I’m not in the woods with Seth. I am not fourteen. I am looking into Paul’s face, which is wet with tears. He’s holding me on his lap, rocking me back and forth. His gun lays on the ground. My shirt is black with blood, but I don’t feel anything. Mike is lying beside me, eyes sightless, staring into nowhere. Beside him is the sack of money, useless to him now.

? ? ?

THEN I’M WITH SETH AGAIN, unlacing my fingers from his.

“It’s too late,” I tell him. “I have to go.”

“No,” he says. “It’s not. Come walk with me. Just for a little while.”

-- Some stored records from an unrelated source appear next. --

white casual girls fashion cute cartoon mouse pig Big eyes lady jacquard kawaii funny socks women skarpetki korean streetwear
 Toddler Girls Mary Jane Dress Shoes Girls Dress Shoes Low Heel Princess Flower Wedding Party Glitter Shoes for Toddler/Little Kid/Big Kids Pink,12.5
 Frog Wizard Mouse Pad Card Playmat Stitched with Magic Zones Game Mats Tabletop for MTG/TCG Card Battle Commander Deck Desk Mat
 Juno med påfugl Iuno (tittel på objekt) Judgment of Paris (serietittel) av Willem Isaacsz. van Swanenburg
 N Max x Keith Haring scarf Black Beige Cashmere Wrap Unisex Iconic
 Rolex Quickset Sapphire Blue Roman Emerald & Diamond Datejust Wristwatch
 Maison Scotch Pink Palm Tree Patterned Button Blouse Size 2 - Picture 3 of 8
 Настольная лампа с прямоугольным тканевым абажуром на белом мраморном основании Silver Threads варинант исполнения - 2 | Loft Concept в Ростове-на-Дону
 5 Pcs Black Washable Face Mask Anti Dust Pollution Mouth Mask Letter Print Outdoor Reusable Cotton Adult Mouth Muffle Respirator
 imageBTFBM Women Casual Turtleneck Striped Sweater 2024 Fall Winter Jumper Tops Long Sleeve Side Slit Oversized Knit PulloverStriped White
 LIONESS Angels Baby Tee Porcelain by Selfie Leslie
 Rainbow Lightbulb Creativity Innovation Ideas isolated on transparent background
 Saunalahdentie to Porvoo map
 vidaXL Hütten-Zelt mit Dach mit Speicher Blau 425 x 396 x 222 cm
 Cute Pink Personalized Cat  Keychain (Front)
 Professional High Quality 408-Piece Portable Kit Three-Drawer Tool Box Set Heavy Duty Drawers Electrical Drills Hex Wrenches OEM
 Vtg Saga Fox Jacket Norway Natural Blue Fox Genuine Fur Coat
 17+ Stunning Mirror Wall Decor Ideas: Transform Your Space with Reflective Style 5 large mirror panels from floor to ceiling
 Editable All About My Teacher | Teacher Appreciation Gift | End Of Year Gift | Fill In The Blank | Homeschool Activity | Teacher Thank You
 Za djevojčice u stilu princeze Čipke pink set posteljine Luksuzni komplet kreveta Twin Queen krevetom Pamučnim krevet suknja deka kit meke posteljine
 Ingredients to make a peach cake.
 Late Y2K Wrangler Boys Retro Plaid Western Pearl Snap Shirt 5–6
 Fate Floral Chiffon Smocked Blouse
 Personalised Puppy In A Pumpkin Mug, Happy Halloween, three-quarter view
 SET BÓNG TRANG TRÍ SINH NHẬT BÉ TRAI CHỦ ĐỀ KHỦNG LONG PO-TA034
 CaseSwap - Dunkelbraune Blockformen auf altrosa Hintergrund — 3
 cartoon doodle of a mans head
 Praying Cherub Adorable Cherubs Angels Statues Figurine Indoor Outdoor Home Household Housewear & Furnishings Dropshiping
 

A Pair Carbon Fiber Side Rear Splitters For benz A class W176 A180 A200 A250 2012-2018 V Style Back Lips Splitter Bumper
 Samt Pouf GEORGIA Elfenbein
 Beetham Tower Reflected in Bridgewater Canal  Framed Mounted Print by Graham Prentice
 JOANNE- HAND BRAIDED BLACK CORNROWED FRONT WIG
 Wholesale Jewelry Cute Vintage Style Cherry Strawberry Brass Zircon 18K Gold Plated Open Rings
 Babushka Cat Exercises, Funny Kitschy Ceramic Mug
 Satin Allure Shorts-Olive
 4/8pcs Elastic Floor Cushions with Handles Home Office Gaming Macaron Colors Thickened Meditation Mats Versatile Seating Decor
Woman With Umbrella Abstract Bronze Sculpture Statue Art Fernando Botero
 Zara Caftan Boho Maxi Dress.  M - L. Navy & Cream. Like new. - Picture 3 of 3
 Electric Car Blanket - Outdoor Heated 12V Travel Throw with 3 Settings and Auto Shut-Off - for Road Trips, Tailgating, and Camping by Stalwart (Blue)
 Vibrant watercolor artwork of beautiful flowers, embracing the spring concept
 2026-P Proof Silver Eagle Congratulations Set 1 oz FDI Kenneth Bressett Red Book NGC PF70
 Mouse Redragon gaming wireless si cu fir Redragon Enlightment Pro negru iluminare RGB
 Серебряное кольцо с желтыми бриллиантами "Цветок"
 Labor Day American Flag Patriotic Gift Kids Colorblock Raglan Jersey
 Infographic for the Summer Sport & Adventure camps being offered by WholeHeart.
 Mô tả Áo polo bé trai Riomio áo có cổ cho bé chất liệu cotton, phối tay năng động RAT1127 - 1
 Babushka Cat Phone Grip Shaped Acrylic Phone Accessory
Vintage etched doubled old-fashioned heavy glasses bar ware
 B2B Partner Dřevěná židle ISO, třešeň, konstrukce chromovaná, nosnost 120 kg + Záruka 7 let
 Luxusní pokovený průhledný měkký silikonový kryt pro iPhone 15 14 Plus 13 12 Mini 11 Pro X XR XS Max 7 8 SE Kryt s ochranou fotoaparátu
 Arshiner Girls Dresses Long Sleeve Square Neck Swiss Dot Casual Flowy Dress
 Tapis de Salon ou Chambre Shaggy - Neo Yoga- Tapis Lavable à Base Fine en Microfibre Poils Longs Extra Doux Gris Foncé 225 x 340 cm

I look back at the house. I’m dead anyway. Might as well have a little fun first.





SIX MONTHS LATER





forty-four


It’s a brutal ninety-three-degree summer afternoon in Manhattan. The kung fu temple doesn’t have air-conditioning and the girls are drenched, red-faced, and breathing heavy. I stand in the corner, watching—encouraging, admonishing, cajoling. It’s good for them to suffer and to push through anyway. And there are no worried moms sitting in the sidelines for this class, so I push even harder.

“You’re almost there,” I tell them. “Cool down in five.”

Really it’s more like fifteen, but who’s counting? Hope is a good thing.

The new girl is in the corner sipping on ice chips.

You’re not really studying kung fu if you haven’t thrown up at least once, I told her in the bathroom.

Great, she said.

When she comes back of her own accord and joins the girls for the final striking drill, I smile. She’ll make it.

Then we’re done, and the girls collapse, laughing. They take turns at the water fountain, senior students letting the less experienced drink first.

“Don’t gulp,” I warn. “You’ll be sick.”

I’m still limping badly, tire easily, should really be using a crutch. But here I try to walk without it. When the elevator pings, I look up to see the guardian from the group home where the girls live. Melba is a tall black woman, fit and elegant in white linen pants and tank top.